The Sandbox: I Hate the French Vanilla

It's happened to all of us. You plop onto the futon with a pint of your favorite super-premium ice cream, ready to binge-eat your troubles away when... is that fair-trade coffee you taste in your cleverly named creamy caffeinated snack? Since when does enjoying ice cream necessitate funneling your hard-earned, tax-breakable dollars into wacko leftist causes like worker non-exploitation? DCU members, fear not! Star-Spangled Ice Cream is here! Conservative and creamy, Star-Spangled Ice Cream's manufacturers believe that America is "the best country ever" and they set out to make "the best ice cream ever!" Jumpin jillickers, Georgie! Let's get ourselves some spoons and dig into some Smaller Govern-mint!

 Without the resources to taste-test (this is super-premium ice cream, folks--The Chronicle didn't get free by paying its staffers to hang out at the local Scoop Shop), Recess has instead compiled vital stats on this competition shaping our nation's political flavorings. Below, the tally: Ben and Jerry's vs. Old Glory.

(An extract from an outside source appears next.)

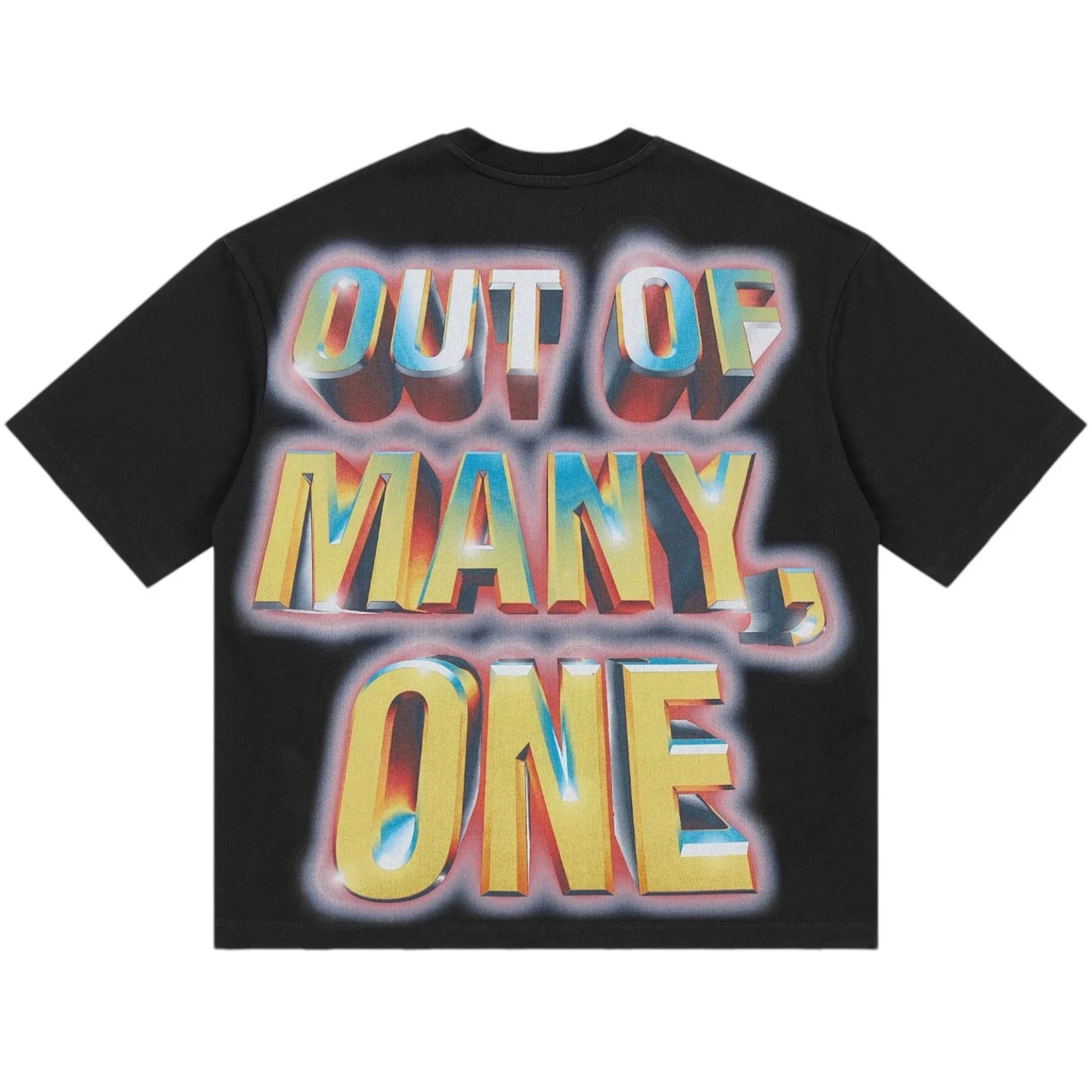 Godspeed Godspeed Badges of Honor Tee Black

 Best flavor name: Makin' Whoopie Pie, from Ben and Jerry's, conjures delightful images of both nookie and pie, both of which are fun, but the prize goes to Iraqi Road, for the sheer disturbing nature of Middle East puns.

 Weirdest ingredient: This is super-premium ice cream here, so we weren't expecting to find anything you can't grow or get from a cow, but it turns out that the Vermont boys use guar gum in their frozen treats, while Francis Scott Key's devotees swear by polysorbate 80. We'll call this one a draw.

 Best intangible ingredient: Ben and Jerry add peace and love to their mixes, but these days, patriotism is vogue. For the overall aura prize you'll have to decide by your politics.

 Employee perks: Ben and Jerry's employees get three free pints a day, while Star-Spangled Ice Cream isn't currently hiring. Nuff said. Immediate goals: Topping Phish Food, or marketing School Prayerleens and Crème. Take your pick.